Approchons encore un peu plus. C’est un fade discours à faire à l’homme qui est au volant, et qui arrive au tournant, que celui-ci : « Il ne dépend point de toi de tourner selon la route ou de culbuter selon le ravin ». Fade discours, et discours dangereux ; car si l’on y croit seulement une seconde, on lâche tout, et la pesanteur, la masse, la vitesse sont chargées d’exécuter la suite. L’homme n’en revient guère. Et c’est une chose digne de remarque que le doute sur la liberté soit toujours dangereux. Réellement la thèse de la nécessité devient vraie si on y croit. Un ivrogne, un joueur sont perdus si, comme il arrive, ils croient fermement qu’il n’est point en leur pouvoir de se corriger. Retournant cette sorte de raisonnement, je dirai que la première condition d’être libre, c’est de croire qu’on l’est, ou mieux encore de vouloir l’être.

Je sais bien qu’il y a réponse à tout. Mais enfin le fou fait n’importe quoi, effaçant l’idée du bien et du mal ; au lieu que l’honnête homme ne cesse de refuser certaines maximes et certaines actions. C’est même la marque de l’honnête homme qu’il se croit tenu de choisir, et donc capable de choisir ; au lieu que celui qui s’abandonne et suit la pente, et qui ne croit pas pouvoir faire autrement, est méprisé.

Je m’avance sur le bord d’une falaise ou d’un gouffre.

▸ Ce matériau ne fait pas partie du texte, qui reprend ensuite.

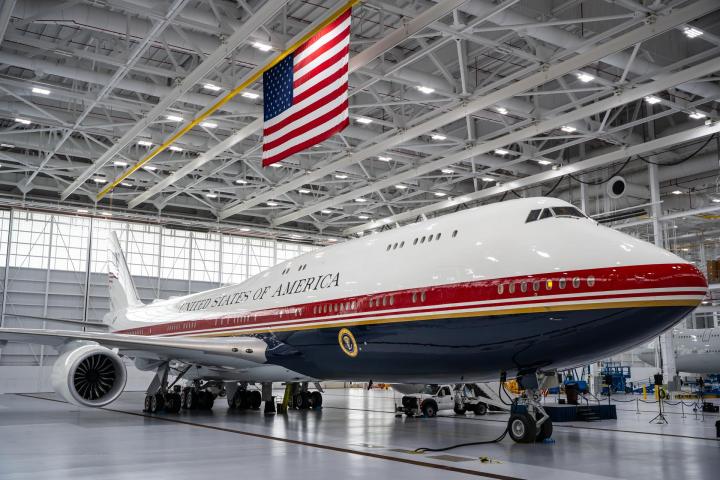 Fotografía difundida por la Fuerza Área de EEUU del nuevo Air Force One en su primera exhibición pública en Washington.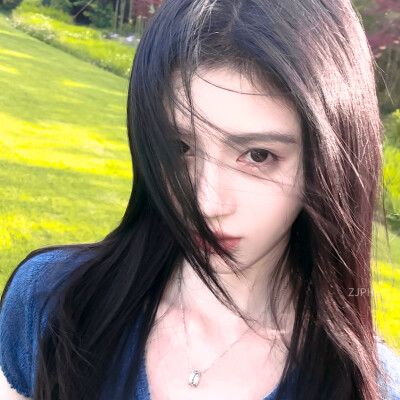 鞠婧祎
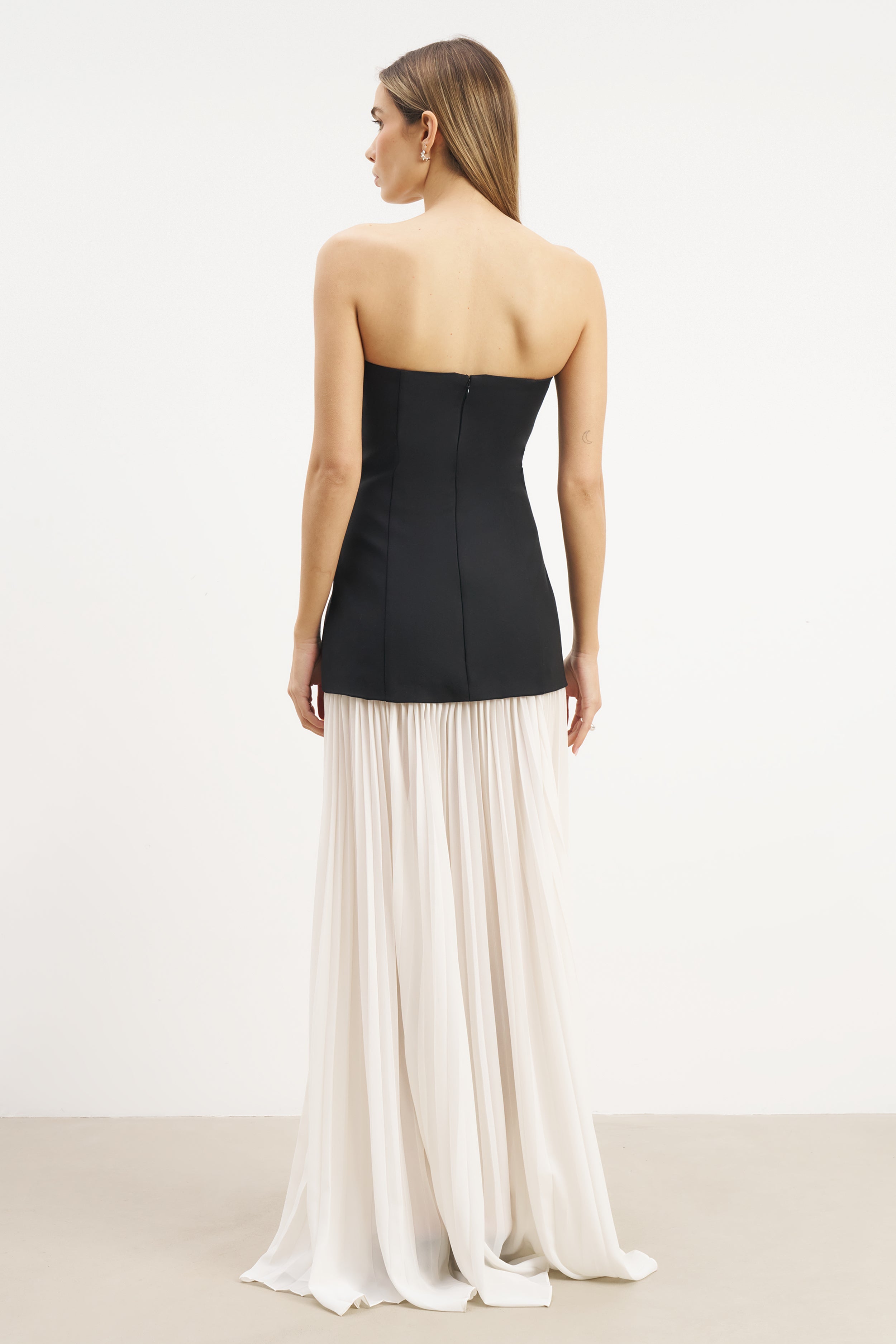 Structured Bodice Gown - Black/Cream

Je mesure la profondeur, j’essaie l’appui, je surmonte cette pesanteur qui ne cesse de me tirer en bas ; j’évite à chaque instant cette catastrophe bien aisée à prévoir ; je l’évite parce que je la prévois ; voilà l’homme. Au contraire si l’idée me vient que je ne l’éviterai pas, si je la pressens en tout mon corps, si je me sens déjà tomber, s’il me semble que le gouffre m’attire, si je pense que cela doit être, si je m’abandonne, alors voilà le fou. Il y a de ces noires pensées, qui sont vertige, dans tout crime et peut-être dans tout accident ; car la sinistre prophétie sur soi a toujours grande puissance ; et ce qu’on nomme l’attrait du malheur est sans doute quelque chose comme le sentiment de l’inévitable. L’homme sain a juré de vaincre cette tristesse qui nous tombe du ciel, et qui est au fond théologique. Cette guerre qui toujours nous tire comme une pesanteur, j’en prétends juger sans aucun vertige, et comme s’il dépendait de moi de l’empêcher.